しかし、幼児期、あるいは小学生3,4年生くらいまでは、知識の吸収だけにとらわれずに、もっと幅広い意味での脳の発達を意識すべきではないだろうかと、わたしはここ数年、思うようになったのです。

 

ちなみに、スーパーマリオをやった人々は、記憶形成の領域も増大したと書かれています。もし、小さいころに脳そのものを鍛えておけば、記憶の吸収にも効果があり、また、テスト前の重要な時期が来れば、「今はテスト対策に集中すべきなのだ」と、落ち着いて判断するだけの力も身についているのではないでしょうか。

 

そこでお勧めしたいのは、まず「チェス」!

ウィンドウズ7(セブン)をお使いの方は、スタートメニュー→アクセサリ→「Chess Titans」というゲームを起動してみてください。

ご覧のように、どのマスに動けるかは、ゲームが教えてくれるので、子供にこまごまとしたことを教えなくても、適当にいじらせれば、どんどん勝手に覚えるでしょう。

 

チェスの基本ルール

あとは、図書館で簡単な入門書などを借りてきてもいいでしょう。

ただ、大人がものすごく本気で「勝とう」とか「強くなろう」という気でやるわけではなく、あくまで子供の興味を引き付けて、少しずつ楽しめるように仕向けることが重要です。

 

ここで、最初にわたしが主張した「ゲームの面白さというのは、ステージをクリアするごとに、少しずつ難しくなっていき、何度か失敗しても、いろいろとやり方を工夫したり、慣れてくるとクリアできるようになっている、そのような絶妙なレベル設定」が重要ということにつながります。

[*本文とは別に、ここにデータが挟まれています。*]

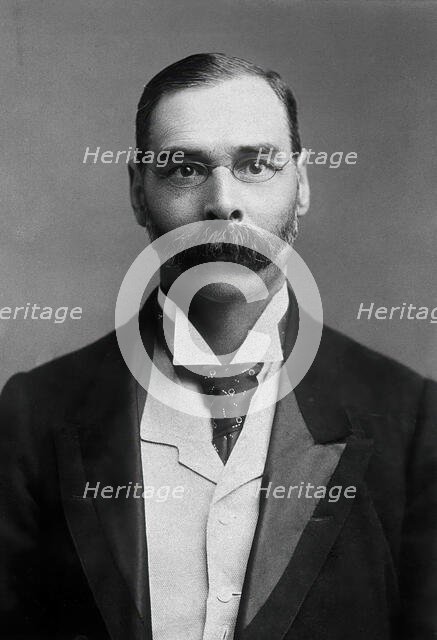 Fletcher Beach. Creator: CW Bassano.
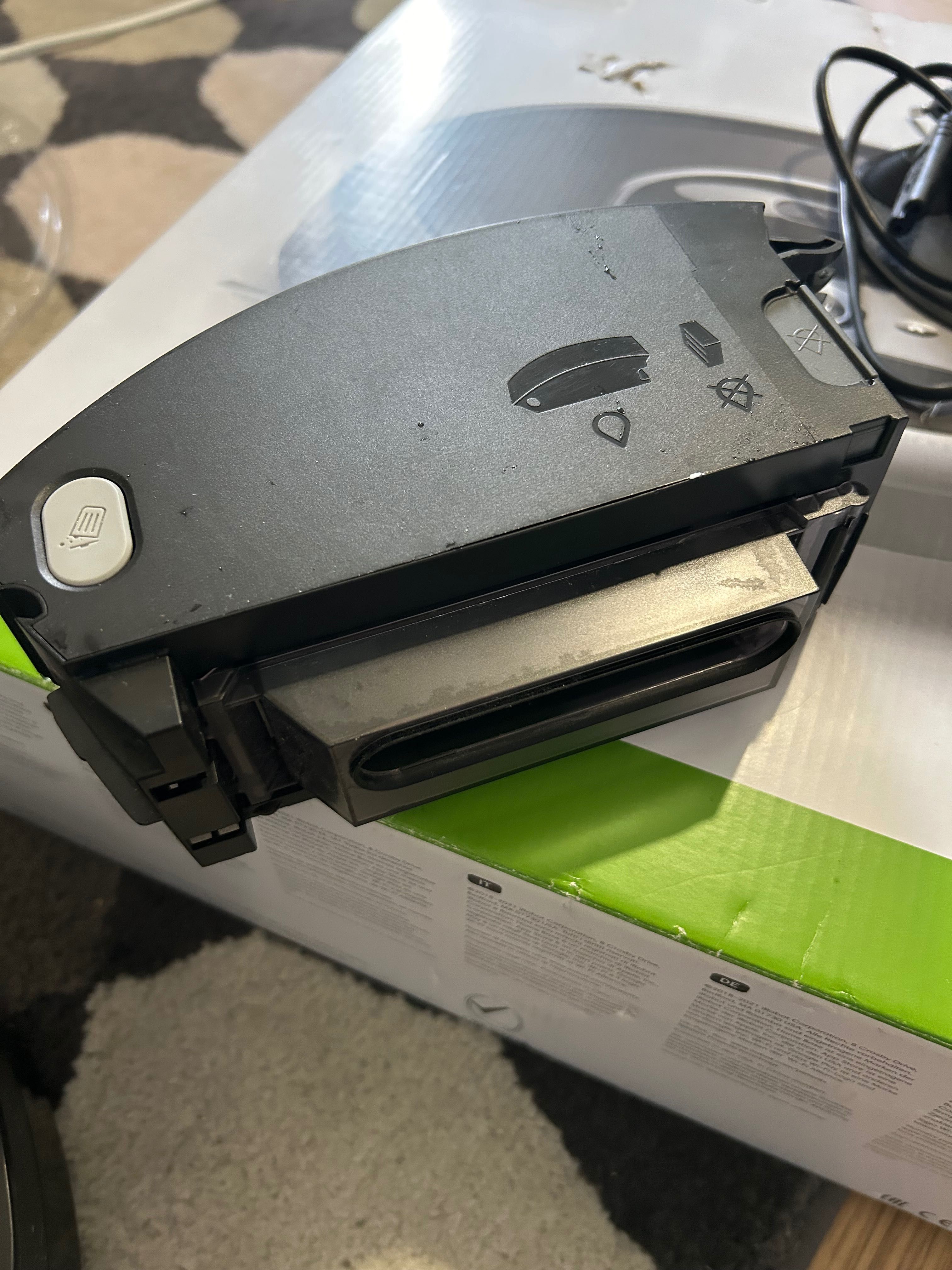 Aspirador irobot i7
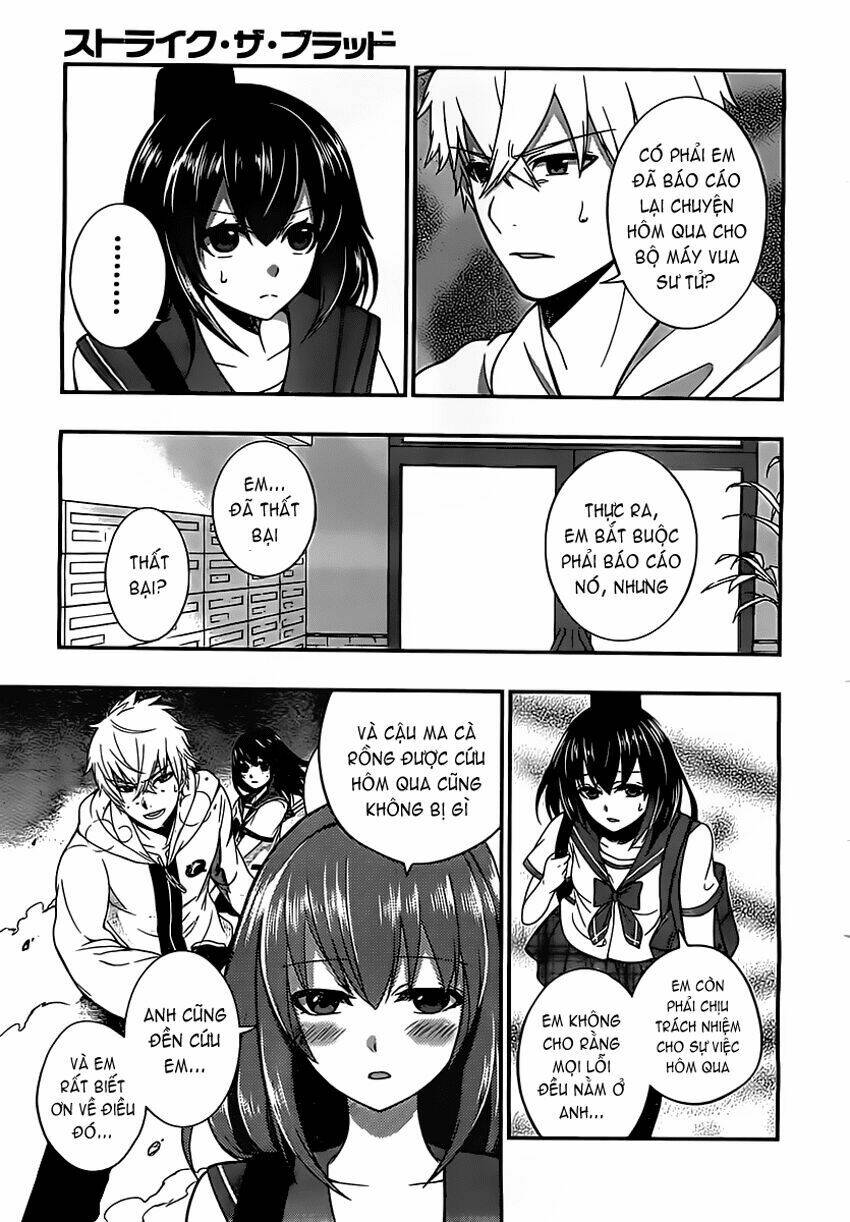 Strike The Blood Chương 6 Ảnh 23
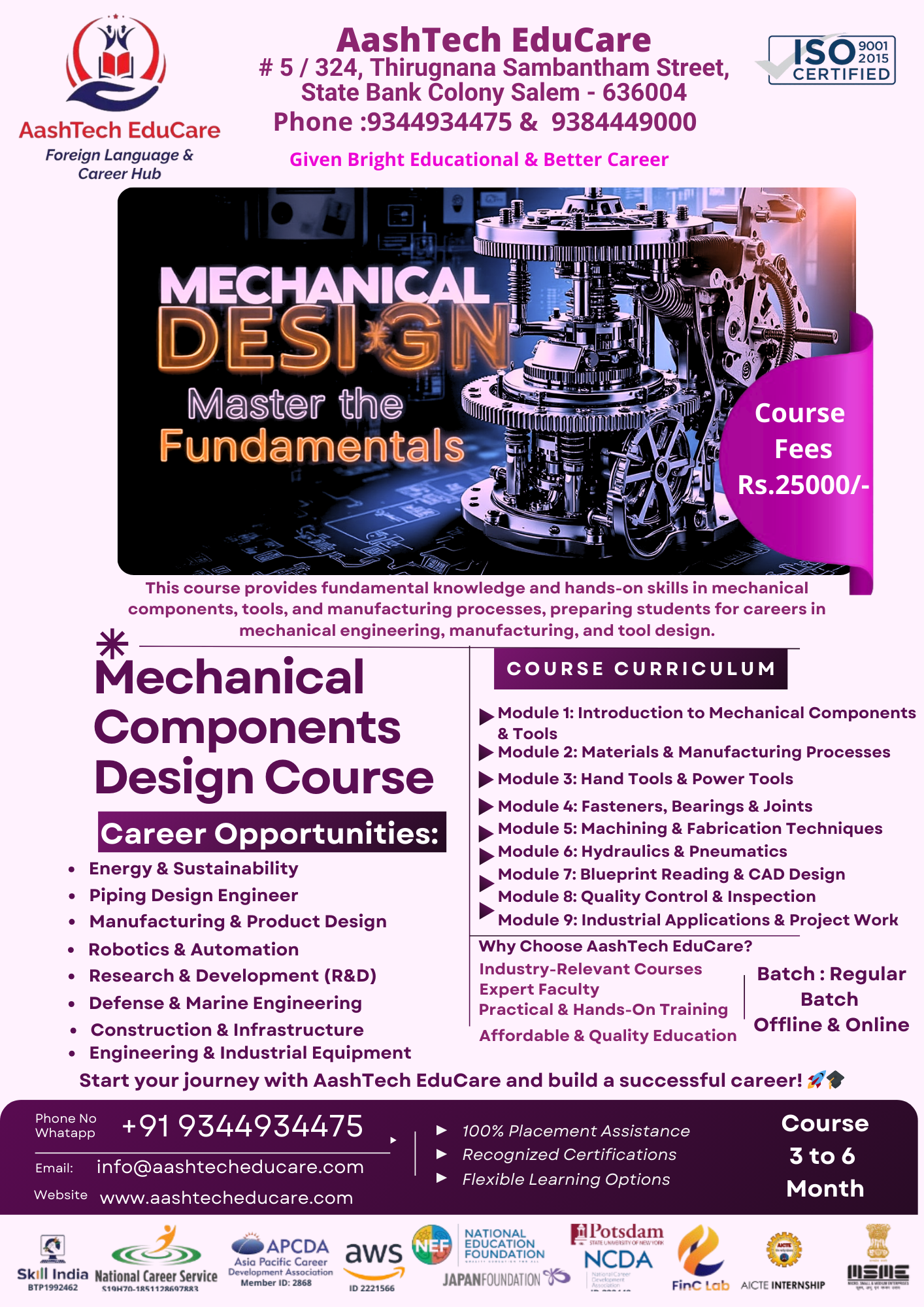 Computer Training Course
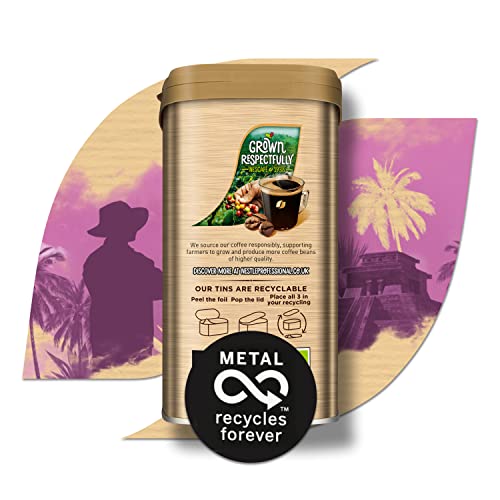 NESCAFE Gold Blend Alta Rica Instant Coffee 500g Tin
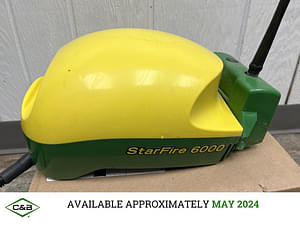 John Deere StarFire 6000 Image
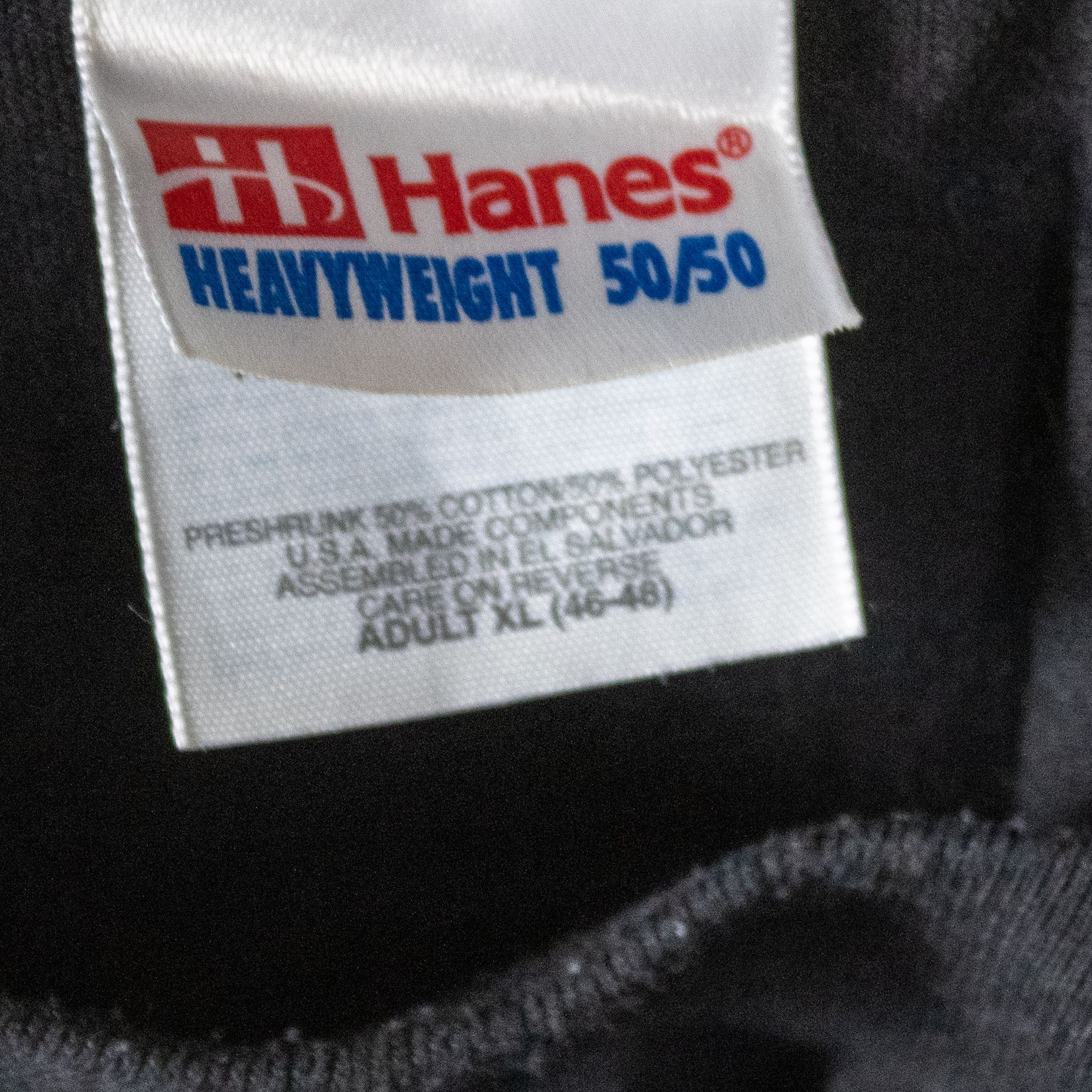 Band Tees Vintage 1990's Hanes Molson Canadian Rock Universal T-Shirt Size US XL / EU 56 / 4 - 5 Thumbnail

このウィンドウズに最初から入っている「Chess Titans」はレベル1はほんとにレベルが低く設定されていて、ルールが分からなくて、適当にいじっていると勝てるくらいになっています。ゲームをプログラミングするのは、実は低いレベルの設定も、とても難しいのではないだろうかと思うのです。なぜなら、ちょっと分かっている人にとっては、そんな手を指したって意味がない、むしろ不利になるだけ、というような手をコンピュータがちょくちょく指すようにプログラミングするわけですから。もちろん、レベルの高いほうも、プログラマー自身がある程度強くなければ、いい手は指せないので、これはこれで難しいはずです。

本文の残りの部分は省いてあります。